Alissa Salmans Alissa Salmans

How to Apply Pilates Principles to Hiking

Hiking becomes a completely different experience when you apply principles from the Pilates method. Instead of just “getting through” the hike, you move with more efficiency, awareness, endurance, and control.

Here are some of the main Pilates principles I naturally apply while hiking:

Breath

Breath is one of the biggest.

Instead of shallow chest breathing when the incline increases, I focus on deeper, more controlled breathing to regulate effort and maintain rhythm.

Pilates teaches:

  • breath supports movement

  • breath reduces unnecessary tension

  • breath improves endurance

On steep climbs, coordinated breathing helps conserve energy and keeps the body from tightening unnecessarily.

Centering

Pilates trains you to move from your center rather than from your limbs alone.

While hiking, this means:

  • stabilizing through the trunk

  • supporting the spine on uneven terrain

  • reducing excess load in the hips, knees, and ankles

A strong center creates efficiency—especially on long descents where fatigue tends to collapse posture.

Alignment

Pilates develops awareness of posture and joint placement.

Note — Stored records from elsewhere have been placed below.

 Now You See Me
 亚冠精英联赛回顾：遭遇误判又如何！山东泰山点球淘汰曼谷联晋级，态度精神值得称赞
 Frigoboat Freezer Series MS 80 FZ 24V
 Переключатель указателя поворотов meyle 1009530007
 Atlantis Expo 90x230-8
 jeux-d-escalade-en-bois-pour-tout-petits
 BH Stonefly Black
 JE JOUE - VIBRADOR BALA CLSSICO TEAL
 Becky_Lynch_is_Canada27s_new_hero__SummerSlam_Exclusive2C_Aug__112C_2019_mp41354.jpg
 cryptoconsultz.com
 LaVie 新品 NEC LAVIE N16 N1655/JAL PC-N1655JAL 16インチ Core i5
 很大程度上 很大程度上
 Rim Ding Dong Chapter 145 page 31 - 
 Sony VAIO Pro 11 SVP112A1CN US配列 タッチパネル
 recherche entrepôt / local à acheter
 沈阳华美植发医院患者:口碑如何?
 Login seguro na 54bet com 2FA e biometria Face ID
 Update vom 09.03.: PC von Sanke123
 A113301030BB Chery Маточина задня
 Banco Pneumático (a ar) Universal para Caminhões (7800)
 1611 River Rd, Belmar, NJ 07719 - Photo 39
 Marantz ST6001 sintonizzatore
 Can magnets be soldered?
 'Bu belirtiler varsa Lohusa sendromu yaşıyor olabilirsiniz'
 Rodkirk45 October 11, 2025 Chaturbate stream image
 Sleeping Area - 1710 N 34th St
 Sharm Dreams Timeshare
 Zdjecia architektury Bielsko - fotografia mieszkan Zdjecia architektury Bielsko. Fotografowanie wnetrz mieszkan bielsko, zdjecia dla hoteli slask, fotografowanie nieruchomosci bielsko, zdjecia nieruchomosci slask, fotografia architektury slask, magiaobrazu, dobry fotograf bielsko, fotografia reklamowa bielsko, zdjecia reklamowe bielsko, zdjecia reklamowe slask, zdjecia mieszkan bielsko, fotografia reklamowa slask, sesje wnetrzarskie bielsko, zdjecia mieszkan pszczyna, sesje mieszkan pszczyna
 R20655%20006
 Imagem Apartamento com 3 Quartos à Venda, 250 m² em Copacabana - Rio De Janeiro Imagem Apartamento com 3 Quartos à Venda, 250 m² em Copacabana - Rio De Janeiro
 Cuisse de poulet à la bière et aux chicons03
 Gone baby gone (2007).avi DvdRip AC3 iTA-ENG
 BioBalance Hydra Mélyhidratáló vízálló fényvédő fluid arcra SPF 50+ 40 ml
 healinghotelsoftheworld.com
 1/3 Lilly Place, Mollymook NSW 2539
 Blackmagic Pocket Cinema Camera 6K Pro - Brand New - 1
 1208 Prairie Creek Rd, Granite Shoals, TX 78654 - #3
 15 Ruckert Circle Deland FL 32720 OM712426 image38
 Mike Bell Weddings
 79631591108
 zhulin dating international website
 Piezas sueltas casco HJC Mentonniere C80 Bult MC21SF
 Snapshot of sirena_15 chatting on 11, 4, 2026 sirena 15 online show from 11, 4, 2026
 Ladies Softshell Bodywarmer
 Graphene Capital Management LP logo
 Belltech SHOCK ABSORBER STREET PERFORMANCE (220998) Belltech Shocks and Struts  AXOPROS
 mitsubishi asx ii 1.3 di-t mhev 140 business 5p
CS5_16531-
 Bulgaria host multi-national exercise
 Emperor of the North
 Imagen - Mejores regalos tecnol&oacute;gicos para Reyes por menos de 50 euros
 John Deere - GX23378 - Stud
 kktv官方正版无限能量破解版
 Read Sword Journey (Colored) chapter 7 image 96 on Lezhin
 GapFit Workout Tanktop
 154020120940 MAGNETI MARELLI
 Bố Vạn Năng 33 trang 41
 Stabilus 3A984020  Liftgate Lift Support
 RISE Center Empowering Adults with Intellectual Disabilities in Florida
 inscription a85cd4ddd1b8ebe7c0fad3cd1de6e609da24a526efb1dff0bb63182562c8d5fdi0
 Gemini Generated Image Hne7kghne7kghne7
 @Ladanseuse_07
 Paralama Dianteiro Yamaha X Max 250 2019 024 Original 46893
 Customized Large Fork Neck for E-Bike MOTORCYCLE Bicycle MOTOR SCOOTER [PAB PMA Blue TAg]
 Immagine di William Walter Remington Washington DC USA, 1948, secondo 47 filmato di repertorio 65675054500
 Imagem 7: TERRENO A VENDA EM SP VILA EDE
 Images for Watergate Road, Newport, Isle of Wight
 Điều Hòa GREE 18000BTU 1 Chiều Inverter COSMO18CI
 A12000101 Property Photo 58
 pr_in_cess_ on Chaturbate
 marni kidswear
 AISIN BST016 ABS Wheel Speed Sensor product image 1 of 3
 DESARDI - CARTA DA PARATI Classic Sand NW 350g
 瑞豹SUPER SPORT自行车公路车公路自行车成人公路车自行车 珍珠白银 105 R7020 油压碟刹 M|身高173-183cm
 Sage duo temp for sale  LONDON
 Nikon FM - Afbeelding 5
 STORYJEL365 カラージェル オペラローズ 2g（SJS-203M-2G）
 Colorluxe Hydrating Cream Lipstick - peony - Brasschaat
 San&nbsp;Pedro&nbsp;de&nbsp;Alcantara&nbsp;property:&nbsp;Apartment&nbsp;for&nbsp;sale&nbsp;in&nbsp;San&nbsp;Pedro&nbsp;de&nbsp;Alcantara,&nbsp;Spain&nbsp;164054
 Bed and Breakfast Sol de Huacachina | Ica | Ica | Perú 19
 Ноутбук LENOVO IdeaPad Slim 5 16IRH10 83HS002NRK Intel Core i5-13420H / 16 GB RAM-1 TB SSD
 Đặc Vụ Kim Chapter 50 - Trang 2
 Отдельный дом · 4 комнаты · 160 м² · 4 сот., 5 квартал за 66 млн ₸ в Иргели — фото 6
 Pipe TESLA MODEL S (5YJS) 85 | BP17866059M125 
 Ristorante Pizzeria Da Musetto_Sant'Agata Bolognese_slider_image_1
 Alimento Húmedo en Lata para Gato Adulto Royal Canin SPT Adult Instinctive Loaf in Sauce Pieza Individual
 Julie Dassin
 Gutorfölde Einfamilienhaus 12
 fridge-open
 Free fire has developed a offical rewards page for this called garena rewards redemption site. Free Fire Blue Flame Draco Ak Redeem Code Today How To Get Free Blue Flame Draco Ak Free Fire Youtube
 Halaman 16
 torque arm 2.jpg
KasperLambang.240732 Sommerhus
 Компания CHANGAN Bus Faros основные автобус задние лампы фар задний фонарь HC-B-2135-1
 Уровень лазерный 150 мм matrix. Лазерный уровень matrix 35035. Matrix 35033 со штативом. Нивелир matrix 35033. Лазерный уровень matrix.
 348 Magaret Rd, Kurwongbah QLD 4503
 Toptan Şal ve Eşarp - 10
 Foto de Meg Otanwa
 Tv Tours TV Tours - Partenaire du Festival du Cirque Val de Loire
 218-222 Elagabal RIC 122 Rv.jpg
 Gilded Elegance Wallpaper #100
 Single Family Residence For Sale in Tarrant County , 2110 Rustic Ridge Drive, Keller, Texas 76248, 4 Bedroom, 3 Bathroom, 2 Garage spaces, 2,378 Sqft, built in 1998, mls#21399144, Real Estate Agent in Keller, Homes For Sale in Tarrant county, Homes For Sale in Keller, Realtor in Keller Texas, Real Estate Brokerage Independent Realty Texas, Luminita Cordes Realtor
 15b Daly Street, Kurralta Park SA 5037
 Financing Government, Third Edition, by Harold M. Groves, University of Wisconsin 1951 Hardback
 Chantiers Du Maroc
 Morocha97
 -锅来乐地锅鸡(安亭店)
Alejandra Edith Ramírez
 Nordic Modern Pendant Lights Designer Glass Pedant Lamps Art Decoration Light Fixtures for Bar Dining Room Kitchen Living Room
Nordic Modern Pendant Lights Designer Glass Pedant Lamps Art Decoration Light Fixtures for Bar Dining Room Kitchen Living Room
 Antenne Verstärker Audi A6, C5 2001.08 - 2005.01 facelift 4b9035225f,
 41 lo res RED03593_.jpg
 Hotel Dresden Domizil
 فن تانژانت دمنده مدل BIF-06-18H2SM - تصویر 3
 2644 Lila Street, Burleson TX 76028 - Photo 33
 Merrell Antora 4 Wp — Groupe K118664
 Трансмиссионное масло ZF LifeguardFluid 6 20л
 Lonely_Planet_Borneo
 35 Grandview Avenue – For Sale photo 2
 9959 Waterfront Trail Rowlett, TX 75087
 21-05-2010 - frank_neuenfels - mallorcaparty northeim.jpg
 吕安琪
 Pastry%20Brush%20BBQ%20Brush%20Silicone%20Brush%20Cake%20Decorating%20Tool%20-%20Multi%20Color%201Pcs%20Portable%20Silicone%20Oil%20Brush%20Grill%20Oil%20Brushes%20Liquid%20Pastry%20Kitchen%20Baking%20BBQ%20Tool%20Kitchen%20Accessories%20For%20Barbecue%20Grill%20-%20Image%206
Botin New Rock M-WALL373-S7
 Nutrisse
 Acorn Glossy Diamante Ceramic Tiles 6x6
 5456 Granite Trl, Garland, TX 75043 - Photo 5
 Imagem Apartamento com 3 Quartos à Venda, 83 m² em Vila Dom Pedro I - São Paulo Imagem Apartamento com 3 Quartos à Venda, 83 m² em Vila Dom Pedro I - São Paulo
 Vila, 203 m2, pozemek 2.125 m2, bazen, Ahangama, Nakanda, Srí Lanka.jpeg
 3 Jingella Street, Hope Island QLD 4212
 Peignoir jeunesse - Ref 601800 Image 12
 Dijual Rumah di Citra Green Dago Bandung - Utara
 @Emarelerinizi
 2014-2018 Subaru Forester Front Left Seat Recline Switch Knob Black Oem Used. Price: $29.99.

On hikes, I pay attention to:

  • rib cage over pelvis

  • balanced weight through the feet

  • head aligned over the spine

  • avoiding locking the knees

Good alignment helps prevent overuse and allows the body to distribute force more evenly over miles.

Footwork & Ground Connection

Classical Pilates places huge importance on the feet.

Hiking becomes better when you:

  • articulate through the foot

  • use the whole foot rather than gripping toes

  • maintain ankle mobility

  • push from the posterior chain instead of collapsing into the arches

Pilates teaches that the feet influence the entire body.

Control Over Momentum

Going downhill especially reveals this.

Instead of falling forward with gravity:

  • I control the descent

  • use eccentric strength

  • stabilize before stepping

  • move deliberately over unstable terrain

That control protects the knees and improves balance.

Spinal Mobility

Pilates trains the spine to move well in multiple directions.

During hiking this translates into:

  • rotational freedom while navigating terrain

  • less rigidity in the upper body

  • better shock absorption

  • improved adaptability on uneven surfaces

A mobile spine helps the body respond rather than brace.

Efficiency of Movement

Joseph Pilates emphasized moving with precision instead of excess effort.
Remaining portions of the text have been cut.